Take back the power when family life is out of whack


 
 

Liz DeCarlo

 

Who’s in charge at your house? In too many homes, the answer to that would be "the kids." At least that’s what child psychologist and author Beth Grosshans thinks after seeing so many out-of-control children and their struggling parents coming in and out of her private practice.

"Through observing and listening (to the families) it became very clear to me that power was a central dynamic in what was driving the troubles," Grosshans says. "An imbalance of family power is when kids have too much power and parents not enough."

An imbalance of family power (IFP) is often a result of parents’ best intended efforts—the overfocus on our kids and their self-esteem and the emphasis on talking to kids to try to get them to cooperate, Grosshans says. All of those things give children, not the parents, the power in the family.
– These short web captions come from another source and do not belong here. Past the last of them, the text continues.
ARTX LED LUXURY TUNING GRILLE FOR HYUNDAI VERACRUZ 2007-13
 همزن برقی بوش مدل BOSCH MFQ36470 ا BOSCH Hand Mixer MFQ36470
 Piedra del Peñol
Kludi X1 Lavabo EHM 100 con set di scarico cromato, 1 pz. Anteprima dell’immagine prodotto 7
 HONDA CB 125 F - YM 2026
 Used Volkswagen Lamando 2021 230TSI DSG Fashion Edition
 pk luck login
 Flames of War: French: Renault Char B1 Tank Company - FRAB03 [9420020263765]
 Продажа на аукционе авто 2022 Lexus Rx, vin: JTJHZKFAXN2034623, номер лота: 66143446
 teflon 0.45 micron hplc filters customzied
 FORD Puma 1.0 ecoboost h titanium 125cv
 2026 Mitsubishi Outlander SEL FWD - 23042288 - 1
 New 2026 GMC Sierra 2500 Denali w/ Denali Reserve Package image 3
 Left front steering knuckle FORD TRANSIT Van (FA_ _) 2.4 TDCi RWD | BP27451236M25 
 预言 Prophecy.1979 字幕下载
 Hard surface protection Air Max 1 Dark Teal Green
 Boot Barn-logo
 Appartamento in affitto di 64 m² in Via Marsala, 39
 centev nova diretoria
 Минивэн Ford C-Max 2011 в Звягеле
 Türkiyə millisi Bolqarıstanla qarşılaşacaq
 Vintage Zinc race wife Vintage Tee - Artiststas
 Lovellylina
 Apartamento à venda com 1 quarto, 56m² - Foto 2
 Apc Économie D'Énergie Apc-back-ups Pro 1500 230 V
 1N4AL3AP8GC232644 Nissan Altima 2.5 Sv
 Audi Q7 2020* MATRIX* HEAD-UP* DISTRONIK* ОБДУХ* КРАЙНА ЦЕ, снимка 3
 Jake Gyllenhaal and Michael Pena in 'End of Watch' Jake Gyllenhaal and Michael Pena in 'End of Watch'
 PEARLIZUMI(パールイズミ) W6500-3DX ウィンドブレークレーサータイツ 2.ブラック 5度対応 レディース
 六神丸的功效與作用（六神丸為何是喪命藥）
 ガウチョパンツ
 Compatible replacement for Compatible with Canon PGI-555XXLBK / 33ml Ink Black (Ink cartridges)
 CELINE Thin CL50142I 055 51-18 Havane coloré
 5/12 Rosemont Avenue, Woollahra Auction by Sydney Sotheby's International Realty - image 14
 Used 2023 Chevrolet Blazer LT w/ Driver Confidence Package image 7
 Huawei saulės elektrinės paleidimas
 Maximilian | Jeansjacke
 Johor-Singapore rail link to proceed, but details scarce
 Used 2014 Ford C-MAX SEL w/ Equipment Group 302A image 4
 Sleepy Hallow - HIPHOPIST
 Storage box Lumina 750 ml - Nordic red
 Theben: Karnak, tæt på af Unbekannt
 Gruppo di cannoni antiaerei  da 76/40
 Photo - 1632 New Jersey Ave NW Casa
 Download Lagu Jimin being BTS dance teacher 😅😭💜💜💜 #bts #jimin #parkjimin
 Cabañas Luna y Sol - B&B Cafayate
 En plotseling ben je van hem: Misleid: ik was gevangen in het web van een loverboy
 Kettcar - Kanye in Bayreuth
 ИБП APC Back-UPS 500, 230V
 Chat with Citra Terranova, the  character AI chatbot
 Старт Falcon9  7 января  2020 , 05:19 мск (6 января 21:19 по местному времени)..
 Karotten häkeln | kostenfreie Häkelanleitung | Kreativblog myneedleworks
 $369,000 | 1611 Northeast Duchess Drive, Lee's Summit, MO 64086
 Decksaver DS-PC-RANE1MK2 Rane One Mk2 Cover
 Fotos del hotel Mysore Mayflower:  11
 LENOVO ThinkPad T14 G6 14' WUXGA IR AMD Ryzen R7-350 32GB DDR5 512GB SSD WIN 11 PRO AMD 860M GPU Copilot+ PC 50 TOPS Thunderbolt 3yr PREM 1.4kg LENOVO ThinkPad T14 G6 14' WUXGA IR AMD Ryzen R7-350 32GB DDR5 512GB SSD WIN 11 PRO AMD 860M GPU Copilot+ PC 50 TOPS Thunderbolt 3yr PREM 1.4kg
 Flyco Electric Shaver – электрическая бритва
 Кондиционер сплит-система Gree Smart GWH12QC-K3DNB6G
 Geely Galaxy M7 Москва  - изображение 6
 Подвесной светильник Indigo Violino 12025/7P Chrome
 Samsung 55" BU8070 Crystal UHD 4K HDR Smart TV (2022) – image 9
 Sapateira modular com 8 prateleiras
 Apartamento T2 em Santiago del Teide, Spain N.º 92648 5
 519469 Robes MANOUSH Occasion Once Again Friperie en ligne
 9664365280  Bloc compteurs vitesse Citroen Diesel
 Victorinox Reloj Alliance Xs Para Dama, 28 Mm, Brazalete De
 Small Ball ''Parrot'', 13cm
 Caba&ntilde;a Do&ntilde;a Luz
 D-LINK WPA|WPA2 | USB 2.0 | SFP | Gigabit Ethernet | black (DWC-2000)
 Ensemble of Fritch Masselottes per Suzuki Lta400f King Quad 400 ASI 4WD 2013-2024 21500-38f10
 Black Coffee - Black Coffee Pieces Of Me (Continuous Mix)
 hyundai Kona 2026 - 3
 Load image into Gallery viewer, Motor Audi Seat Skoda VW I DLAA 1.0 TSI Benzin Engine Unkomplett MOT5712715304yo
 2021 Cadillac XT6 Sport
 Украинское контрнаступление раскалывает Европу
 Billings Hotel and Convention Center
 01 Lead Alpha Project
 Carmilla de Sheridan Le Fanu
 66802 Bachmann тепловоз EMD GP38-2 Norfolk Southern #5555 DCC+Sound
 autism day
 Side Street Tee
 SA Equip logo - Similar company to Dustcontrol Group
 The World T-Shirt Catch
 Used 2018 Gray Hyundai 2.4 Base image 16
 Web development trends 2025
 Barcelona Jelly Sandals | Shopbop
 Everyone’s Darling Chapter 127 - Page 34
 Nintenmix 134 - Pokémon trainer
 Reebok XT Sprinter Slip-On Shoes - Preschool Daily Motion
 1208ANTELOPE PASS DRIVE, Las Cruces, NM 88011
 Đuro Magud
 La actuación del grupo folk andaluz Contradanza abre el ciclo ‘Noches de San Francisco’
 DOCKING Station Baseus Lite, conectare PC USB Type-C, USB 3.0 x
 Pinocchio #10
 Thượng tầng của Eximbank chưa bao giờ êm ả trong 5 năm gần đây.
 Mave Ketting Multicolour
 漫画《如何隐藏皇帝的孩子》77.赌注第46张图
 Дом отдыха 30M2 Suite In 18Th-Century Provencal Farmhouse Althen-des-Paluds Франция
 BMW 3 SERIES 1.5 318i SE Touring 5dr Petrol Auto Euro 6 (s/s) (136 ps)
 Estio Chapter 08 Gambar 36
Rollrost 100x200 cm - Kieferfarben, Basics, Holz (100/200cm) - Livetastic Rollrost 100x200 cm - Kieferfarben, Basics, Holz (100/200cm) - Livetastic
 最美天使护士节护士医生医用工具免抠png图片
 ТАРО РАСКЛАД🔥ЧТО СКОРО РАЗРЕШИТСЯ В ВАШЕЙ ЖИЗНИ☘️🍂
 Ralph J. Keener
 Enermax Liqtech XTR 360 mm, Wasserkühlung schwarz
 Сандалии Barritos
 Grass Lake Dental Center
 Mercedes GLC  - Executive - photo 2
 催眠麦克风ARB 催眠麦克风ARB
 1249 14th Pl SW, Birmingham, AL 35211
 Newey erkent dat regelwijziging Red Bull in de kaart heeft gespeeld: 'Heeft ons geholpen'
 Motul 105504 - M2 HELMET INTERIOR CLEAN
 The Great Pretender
To help parents turn this situation around, Grosshans and Janet Burton wrote Beyond Time-Out: From Chaos to Calm (Sterling Publishing, $19.95).

In her book, Grosshans gives very specific instructions on what to do and say to regain the power balance in your family. She covers the five areas most commonly impacted by IFP: opposition, anxiety, sleeping, eating and toileting. She details the kind of parenting interactions that lead to trouble in these areas and how to correct them.

It’s all about stepping back into our role as parents, Grosshans says. "What’s the point of having parents if we sidestep our role? Kids are so fundamentally ill-equipped to raise themselves and exercise good judgment," she says. "This book is to open the parents’ eye to the problems and to give them instruction on how to be effective leaders."